Image-caption web data
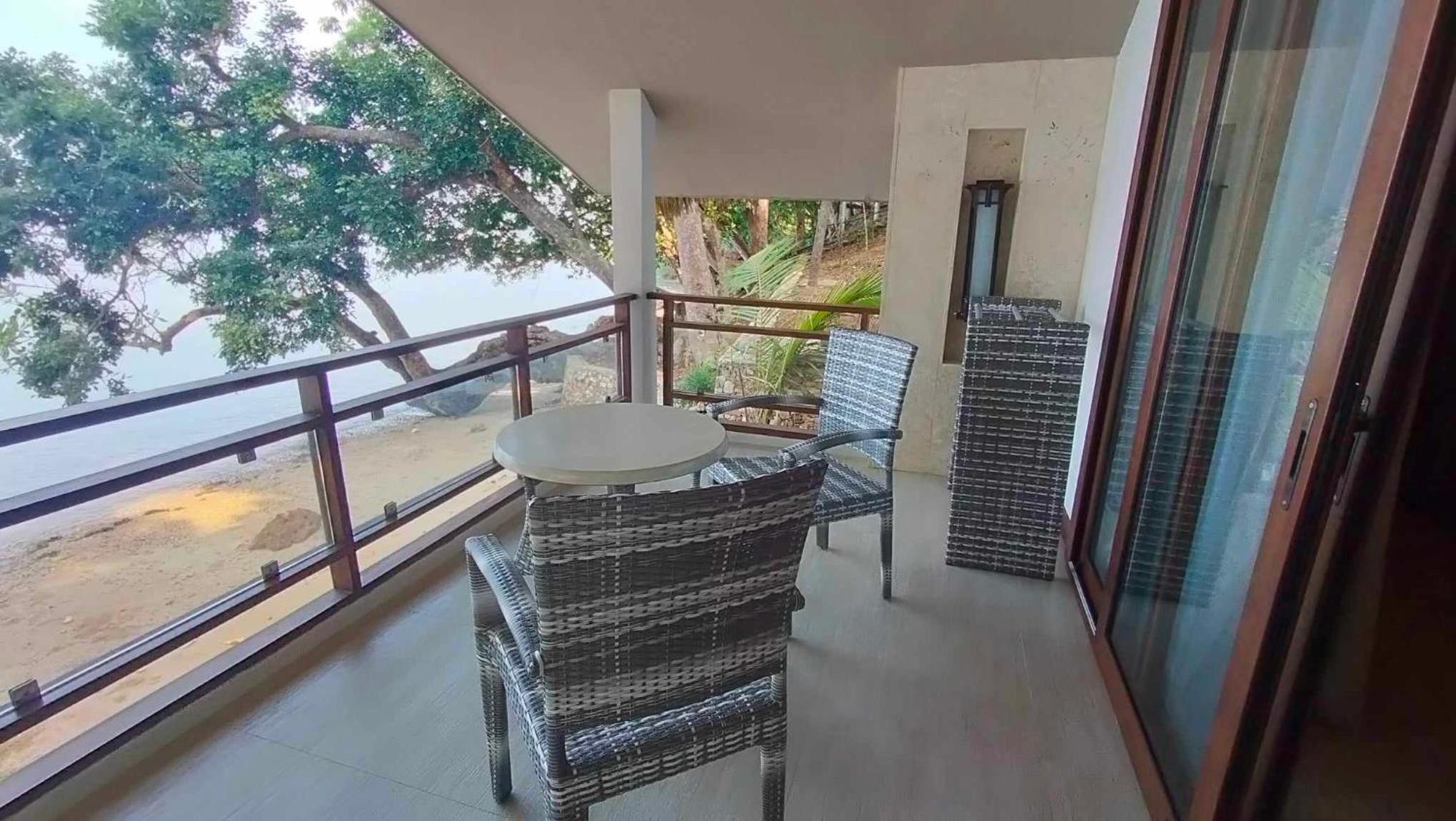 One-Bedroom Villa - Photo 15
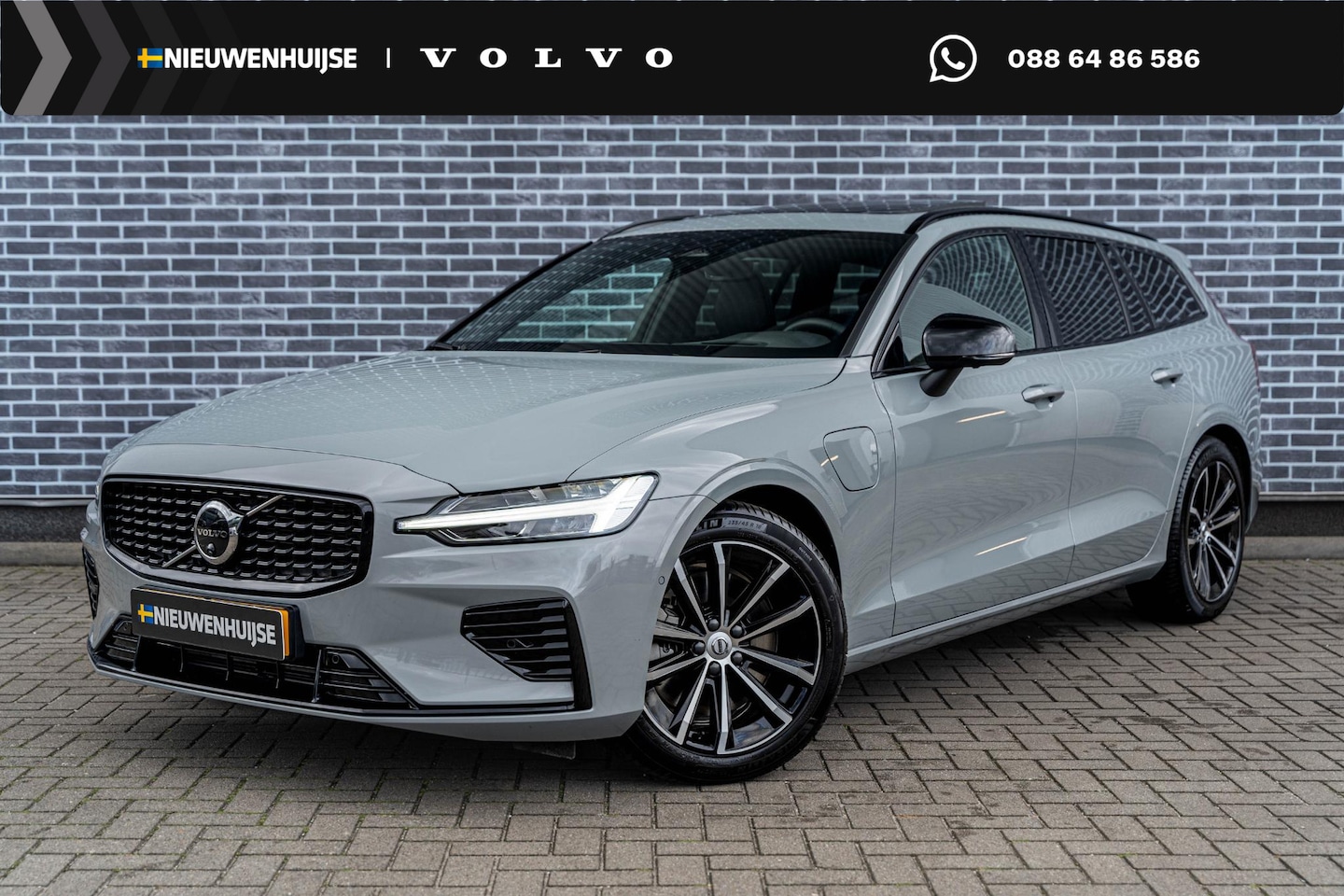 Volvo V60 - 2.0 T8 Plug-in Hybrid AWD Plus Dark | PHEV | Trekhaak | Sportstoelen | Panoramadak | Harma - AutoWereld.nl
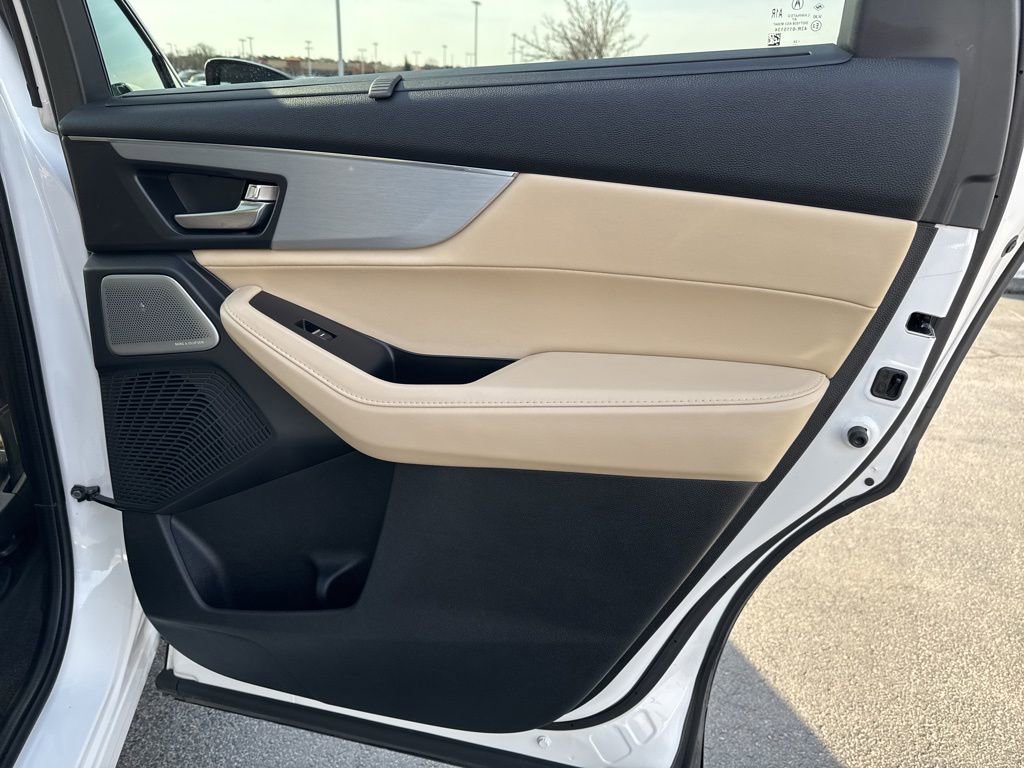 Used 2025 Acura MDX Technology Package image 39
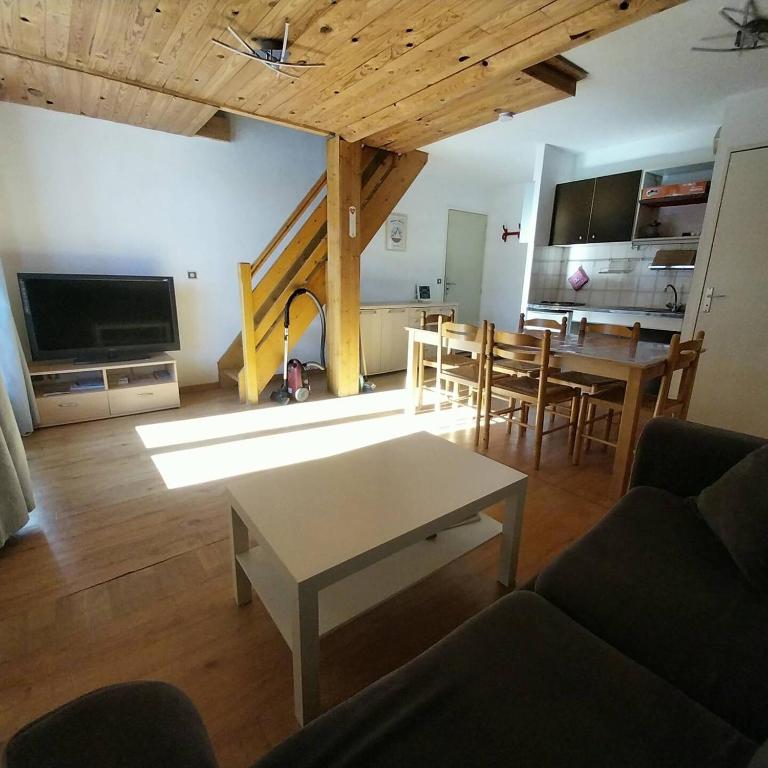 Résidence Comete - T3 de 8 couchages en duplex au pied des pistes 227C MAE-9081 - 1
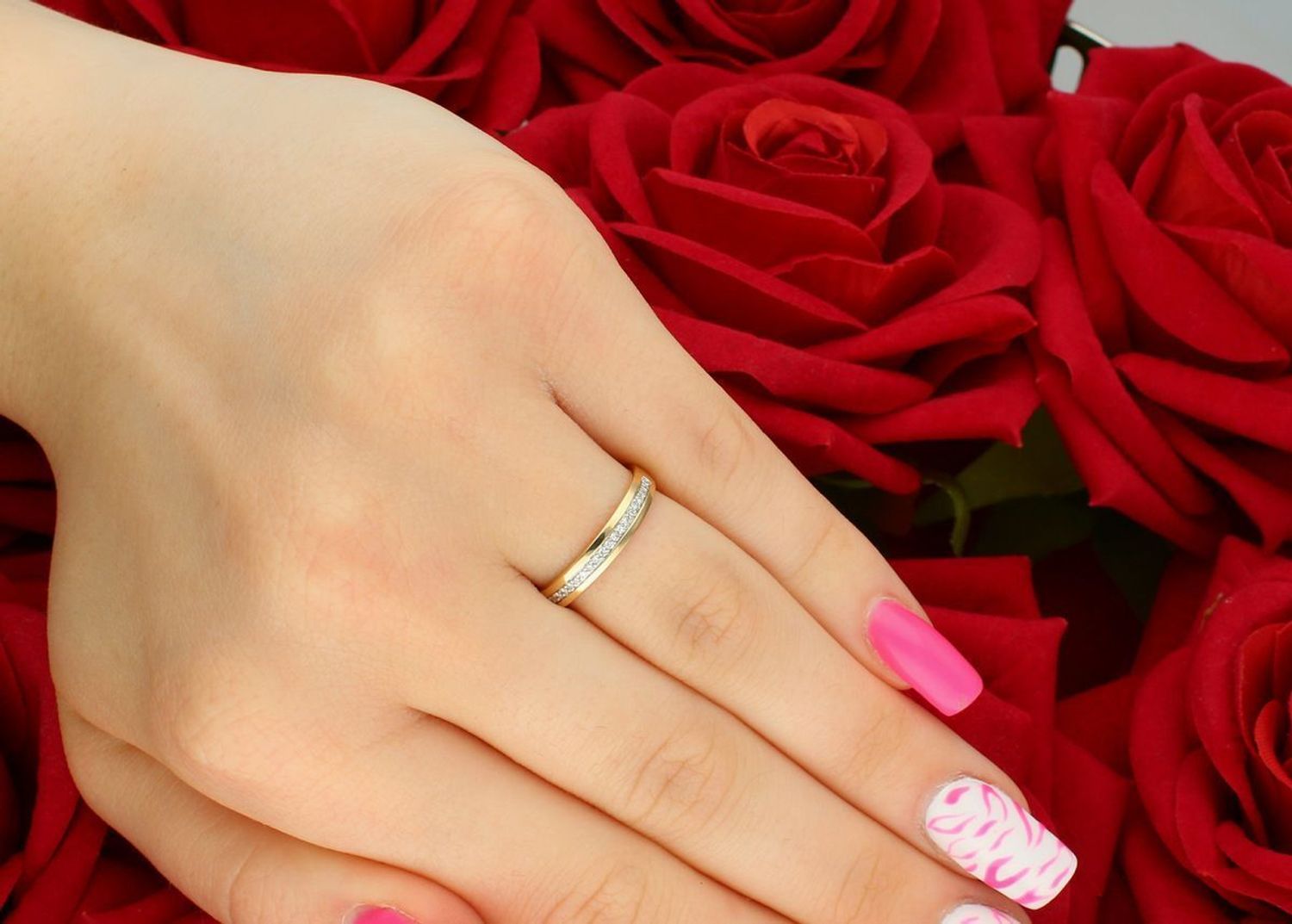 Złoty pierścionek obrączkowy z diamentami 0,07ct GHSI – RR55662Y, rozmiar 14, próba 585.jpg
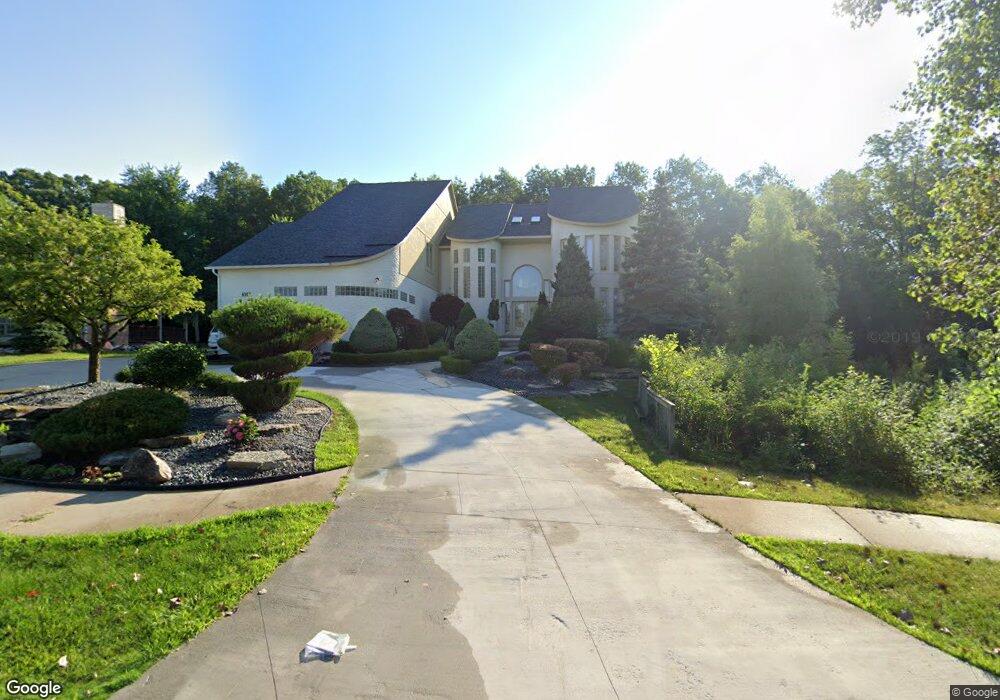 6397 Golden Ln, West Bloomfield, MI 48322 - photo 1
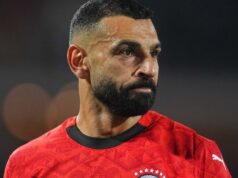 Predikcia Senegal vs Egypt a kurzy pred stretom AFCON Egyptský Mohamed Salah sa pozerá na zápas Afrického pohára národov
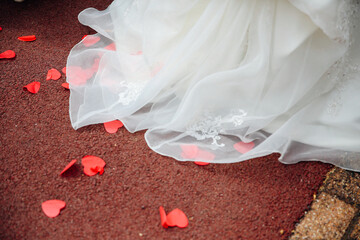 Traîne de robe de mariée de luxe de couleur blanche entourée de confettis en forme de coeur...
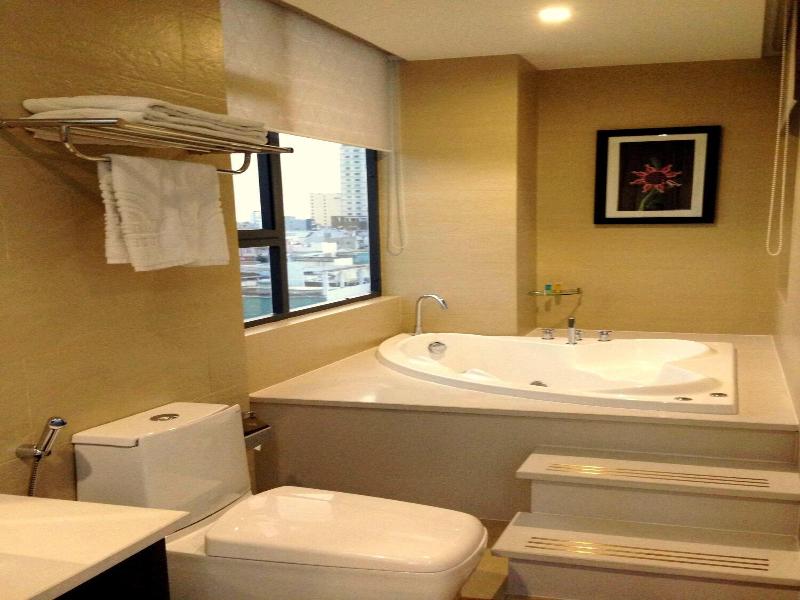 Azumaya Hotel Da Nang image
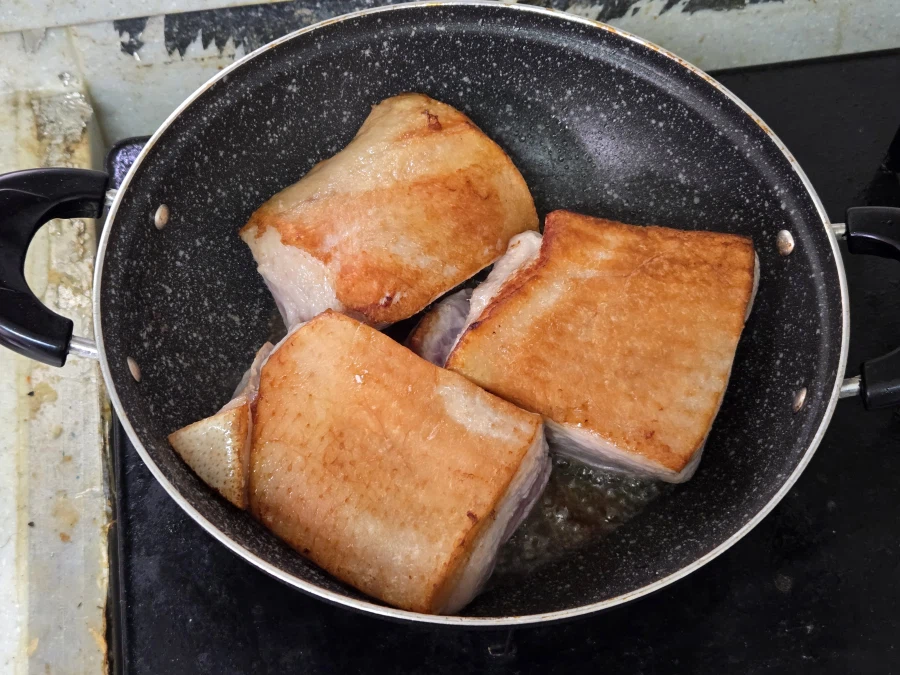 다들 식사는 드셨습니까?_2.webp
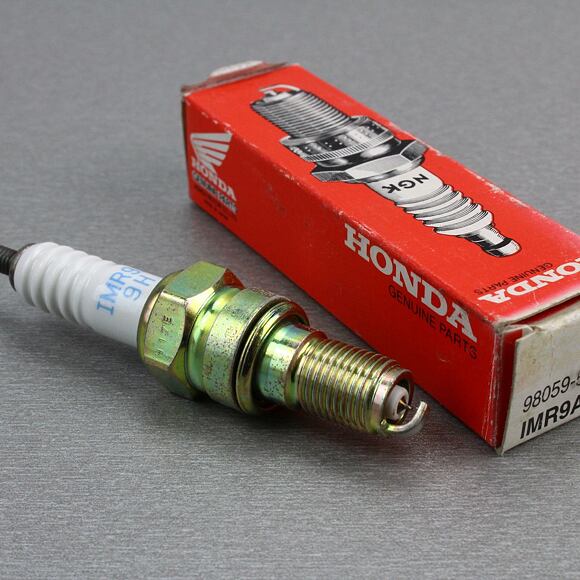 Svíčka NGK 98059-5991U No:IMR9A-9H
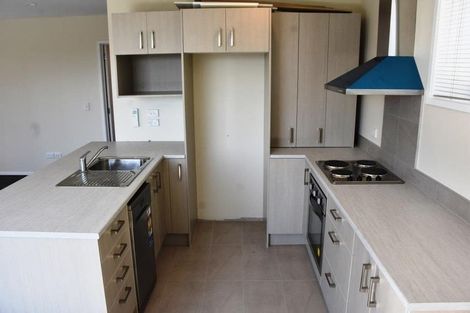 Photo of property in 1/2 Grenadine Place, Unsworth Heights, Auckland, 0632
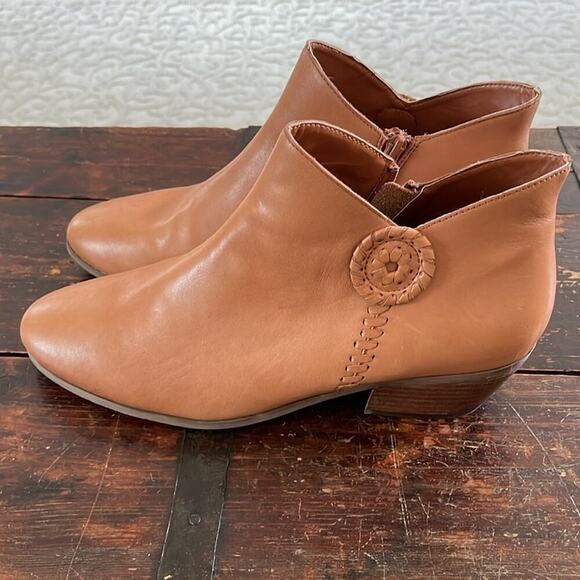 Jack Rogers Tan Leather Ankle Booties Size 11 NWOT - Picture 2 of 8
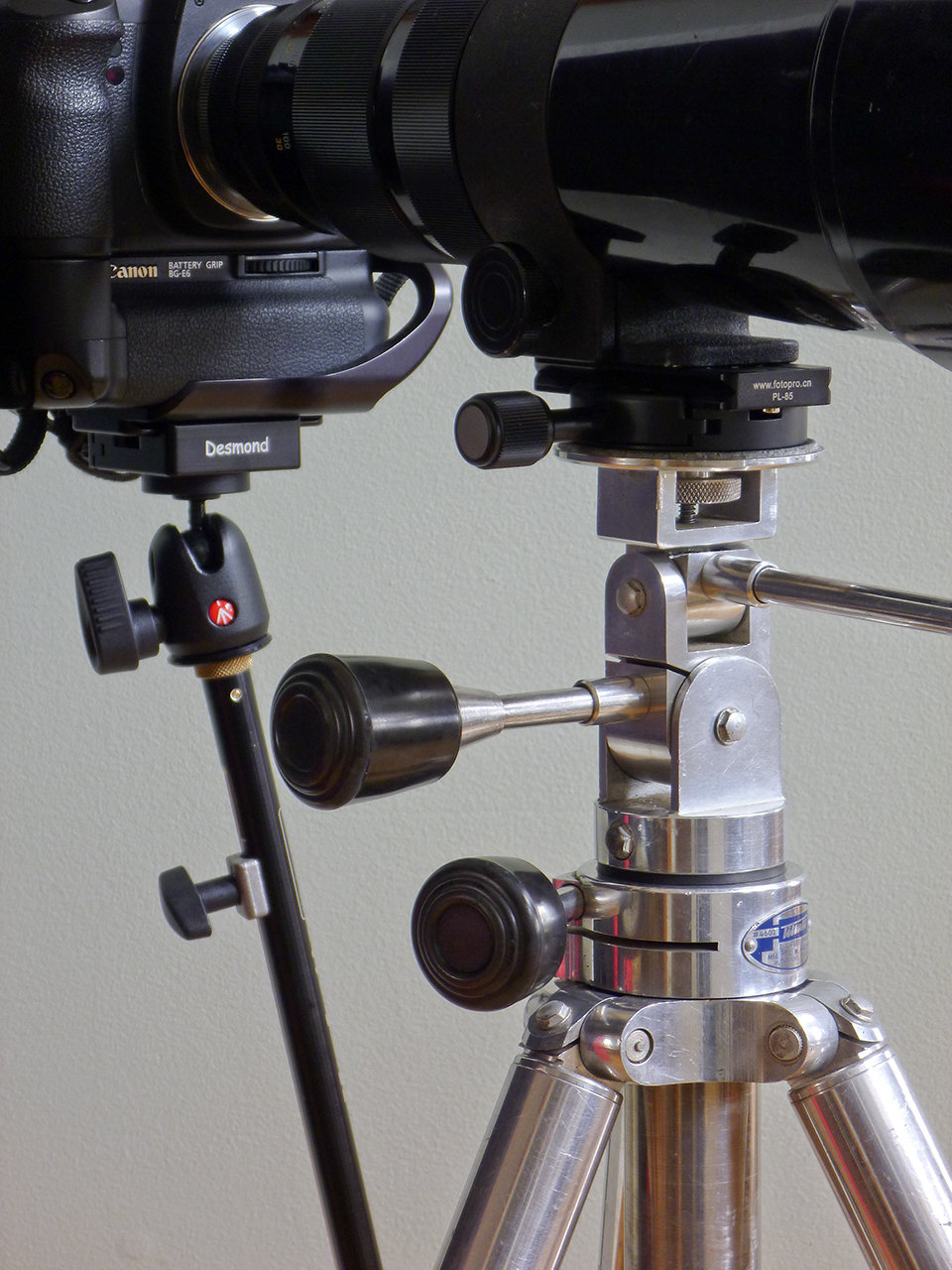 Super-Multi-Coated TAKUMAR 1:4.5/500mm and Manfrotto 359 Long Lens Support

ASSIGNMENT:
Restate word for word the lines that begin at the one containing "Predikcia Senegal vs" and end with the final line of the records. Pictures stay out.

ANSWER SECTION:
 Predikcia Senegal vs Egypt a kurzy pred stretom AFCON Egyptský Mohamed Salah sa pozerá na zápas Afrického pohára národov
 Traîne de robe de mariée de luxe de couleur blanche entourée de confettis en forme de coeur...
 Azumaya Hotel Da Nang image
 다들 식사는 드셨습니까?_2.webp
 Svíčka NGK 98059-5991U No:IMR9A-9H
 Photo of property in 1/2 Grenadine Place, Unsworth Heights, Auckland, 0632
 Jack Rogers Tan Leather Ankle Booties Size 11 NWOT - Picture 2 of 8
 Super-Multi-Coated TAKUMAR 1:4.5/500mm and Manfrotto 359 Long Lens Support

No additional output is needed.